**Directions for this task**: In your copy, leave out the pictures; write out all the data exactly.
[Collected data — start]
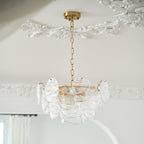Lustrous Chandelier Victorien en Verre Finition Dorée - Neutralighting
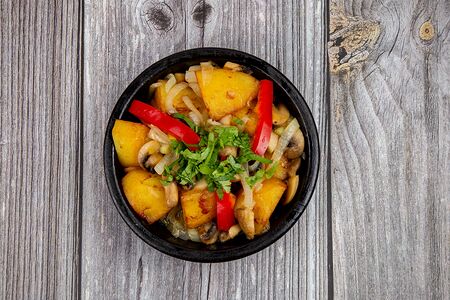 Картофель с шампиньонами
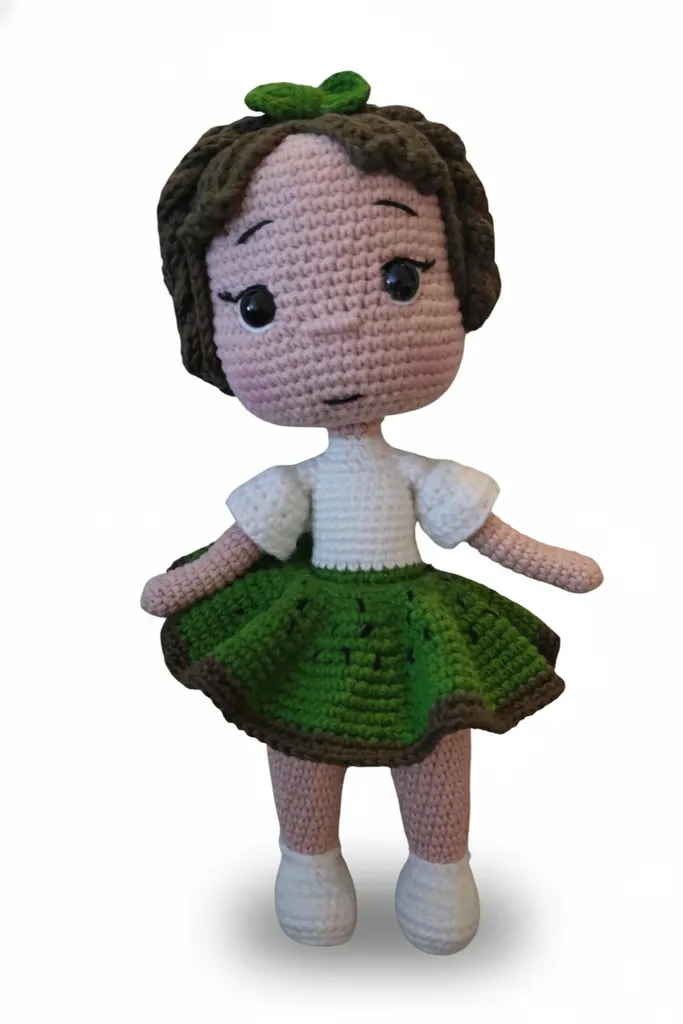 Amigurumi Bebek - Yeşil Etekli, Kahverengi Saçlı, El Örgüsü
[Collected data — finish]
**Result**:
Lustrous Chandelier Victorien en Verre Finition Dorée - Neutralighting
 Картофель с шампиньонами
 Amigurumi Bebek - Yeşil Etekli, Kahverengi Saçlı, El Örgüsü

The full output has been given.